**EXERCISE DESCRIPTION:**
Without the pictures, restate all of the data below word for word.

**Pictures with short captions:**

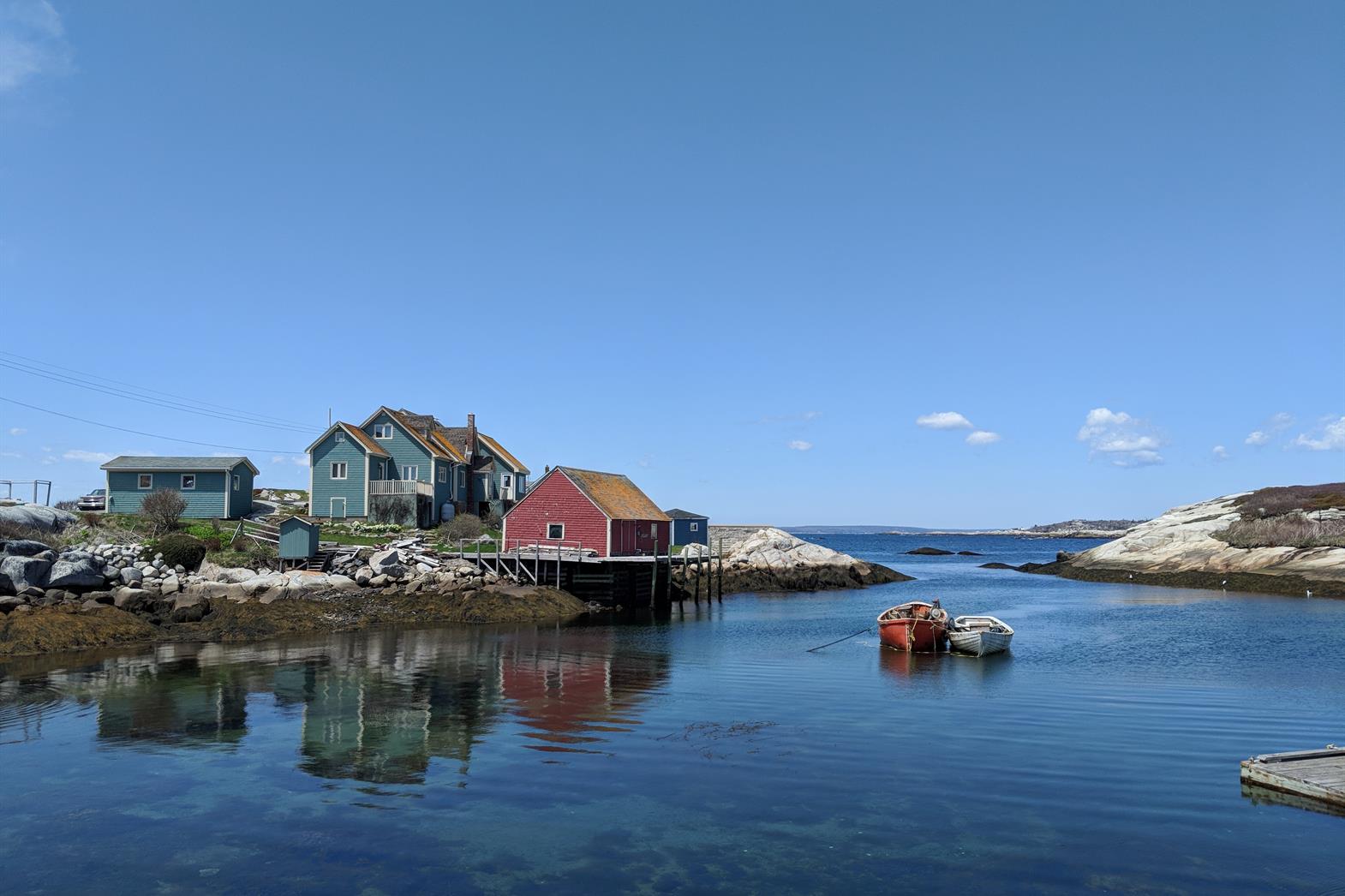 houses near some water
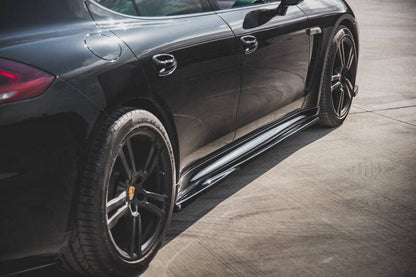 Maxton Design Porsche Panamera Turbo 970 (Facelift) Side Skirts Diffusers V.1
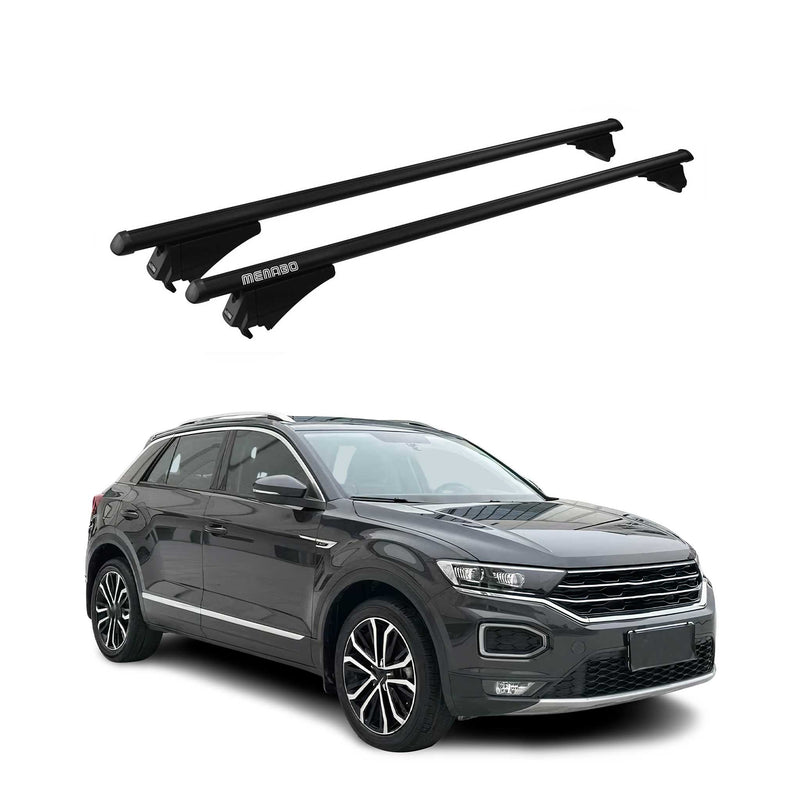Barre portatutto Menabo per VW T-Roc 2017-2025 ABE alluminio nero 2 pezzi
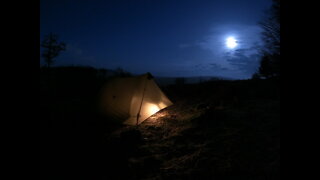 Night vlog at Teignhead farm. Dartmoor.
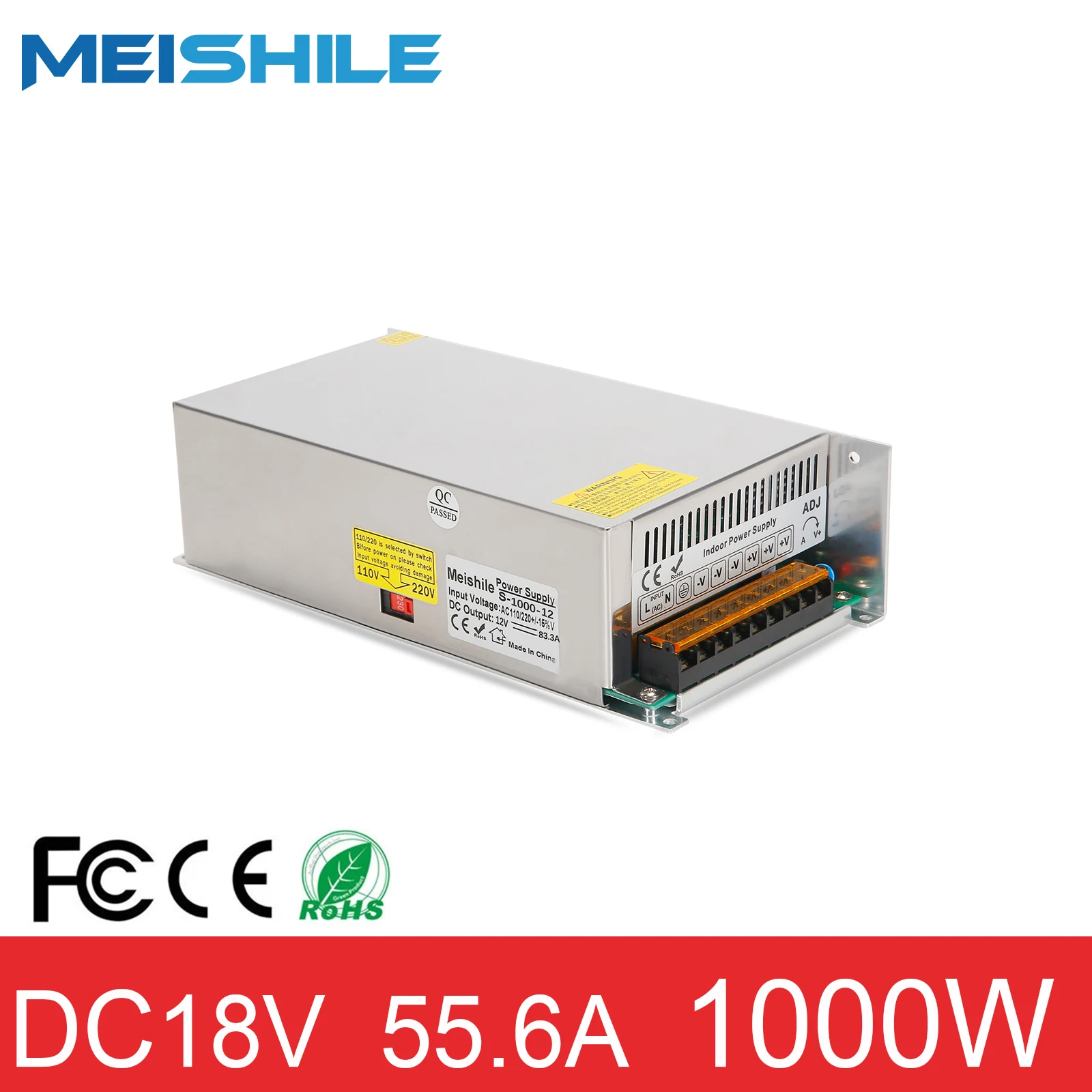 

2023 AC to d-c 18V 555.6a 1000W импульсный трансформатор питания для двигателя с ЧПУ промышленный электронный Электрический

**ANSWER SECTION:**
 houses near some water
 Maxton Design Porsche Panamera Turbo 970 (Facelift) Side Skirts Diffusers V.1
Barre portatutto Menabo per VW T-Roc 2017-2025 ABE alluminio nero 2 pezzi
 Night vlog at Teignhead farm. Dartmoor.

2023 AC to d-c 18V 555.6a 1000W импульсный трансформатор питания для двигателя с ЧПУ промышленный электронный Электрический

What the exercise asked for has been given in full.